China Appliance Maker Haier Spends $300 Million on ExpansionBloomberg News
Haier Electronics Group Co. will more than double capital spending this year as the Chinese appliance maker seeks to develop more “smart home” products and capture a greater share of the country’s e-commerce sales.
Haier Electronics will spend 2 billion yuan ($323 million) -- up from 834 million yuan last year -- to expand delivery capacity and turn rural stores into showrooms for third-party appliances and electronics, company executives told Bloomberg. A portion of the money would also go toward producing more Web-connected appliances users can control with their smartphones.

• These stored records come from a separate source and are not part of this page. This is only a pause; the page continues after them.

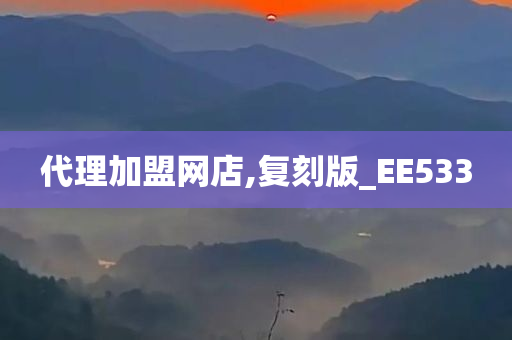 代理加盟网店,复刻版_EE533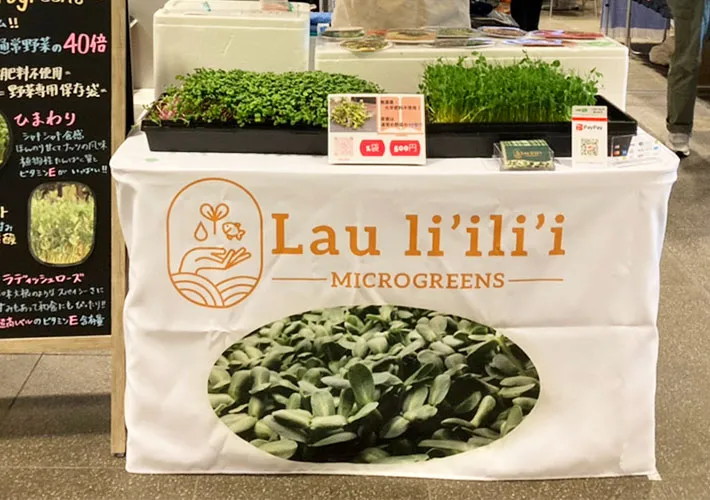 Lau li'ili'i（ラウリリ）様画像1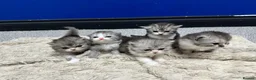 Persian cats for sale: 5 Beautiful Purebred Persian KittensREADY TO LEAVE - Advert 14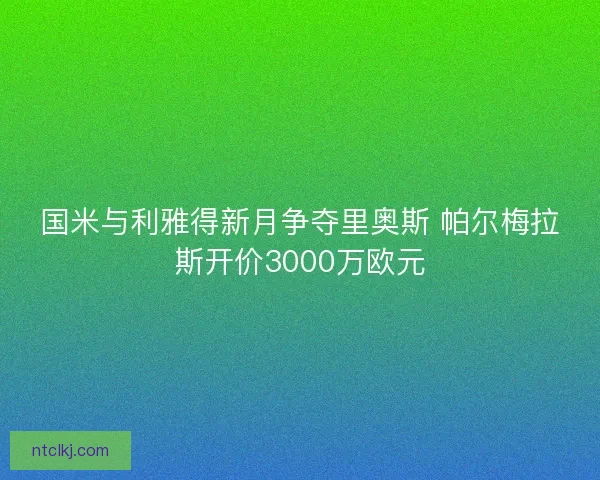 国米与利雅得新月争夺里奥斯 帕尔梅拉斯开价3000万欧元
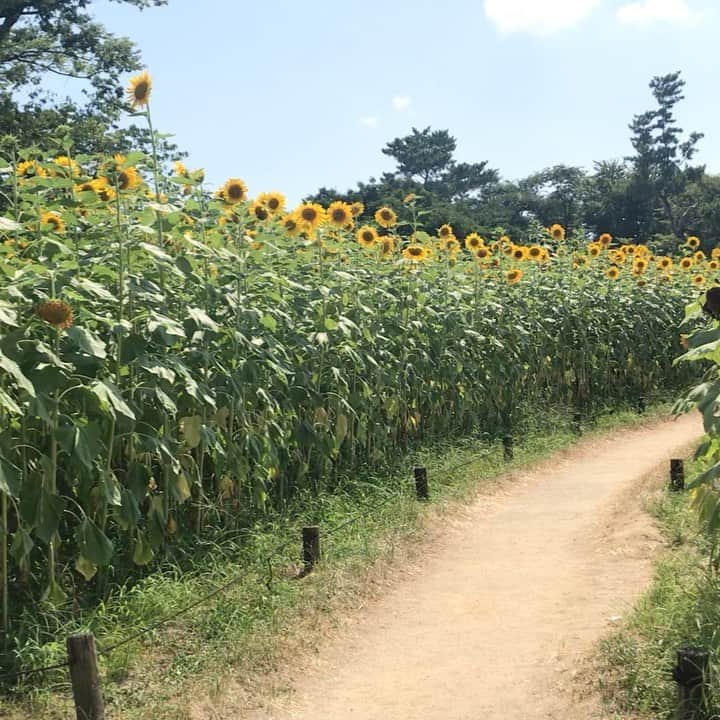 小嶋晶子のインスタグラム：「Sunflower🌻 #ひまわり #ひまわりフェスタ #万博公園 #万博公園ひまわりフェスタ #🌻」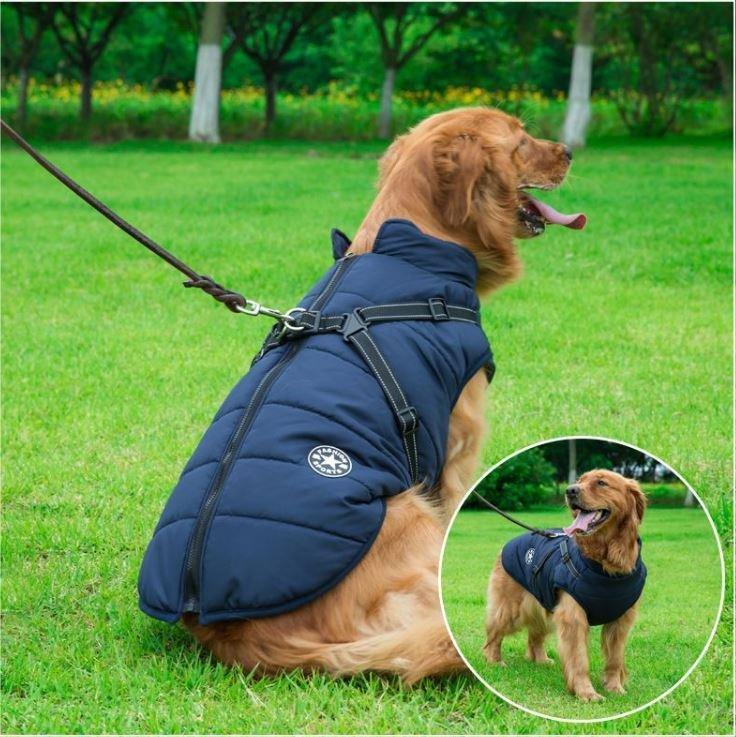 Waterproof Winter Jacket with Built in Harness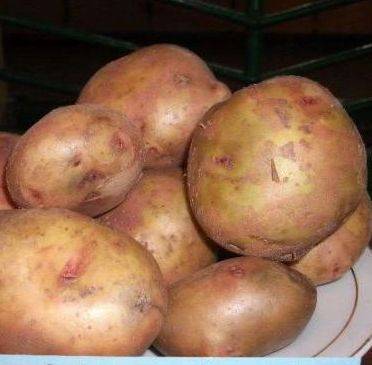 Свитанок киевский: описание сорта картофеля, характеристики, агротехника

“Many of our stores are in the smallest cities in China,” Haier Electronics Chairman Zhou Yun Jie said in an interview. “In the future, we hope to expand them to become service centers, and a place where rural residents can test and buy items beyond just Haier products.”
Haier Electronics -- the Hong Kong-listed unit of China’s largest major appliance maker, Haier Group -- is looking to expand its reach and product line as China’s slowing economy and property downturn weigh on sales of washing machines and water heaters. The company is also facing competition from hi-tech domestic rivals such as Lenovo Group Ltd. and Xiaomi Corp., who are starting to roll out smart home devices tailored to the country’s mobile users.
This year’s spending plan will help Haier Electronics renovate stores in smaller cities to showcase products such as exercise equipment made by other companies, said Bo Zhan, the company’s general manager for finance. The stores will keep no stock for those items and customers will be able to make online purchases for home delivery.
Shares of Haier Electronics rose 3.9 percent to HK$21.55 in Hong Kong, the highest close since Nov. 28. They surged as much as 6 percent earlier today. Hong Kong’s benchmark Hang Seng Index climbed 0.8 percent.
Outlets that have already made the switch saw same-store sales growth of about 7 percent, while others reported negative single-digit declines, HSBC Holdings Plc analysts led by Lina Yan wrote in note dated March 30.
Haier Electronics will also make acquisitions to expand its logistics reach, as the growth in e-commerce increases demand for deliveries, Zhan said. It’s eyeing buyouts of smaller companies elsewhere in eastern China, with the deals not expected to exceed 100 million yuan.
The company expects to sign two deals in the near term and has three more in pipeline, Haier Electronics Deputy General Manager Simon Huang said.
The Qingdao-based company is looking to expand the logistics joint venture it set up last year with Alibaba Group Holding Ltd. The Chinese e-commerce giant completed the purchase of a 2 percent stake in Haier Electronics last March.
The company posted a net income of 2.45 billion yuan last year, an increase of 20 percent from the previous year. Sales rose 7.8 percent to 67.1 billion yuan.
Zhou said he was confident the company would outperform the China’s overall home appliance industry, which he forecast to grow by as much as 5 percent.
Haier Electronics will also use the capital spending to develop more Web-linked appliances and tap a market expected to grow to $7.1 trillion by 2020, according to International Data Corp. That’s up from $1.9 trillion in 2013.
The company has already rolled out smart appliances such as heaters you can turn on with your mobile phone, and washing machines which adjust their cleaning functions according to clothing load.
“Smart appliances in China are like mobile phones -- their growth will be rapid,” Zhou said. “Chinese consumers are fond of technology, especially among the young.”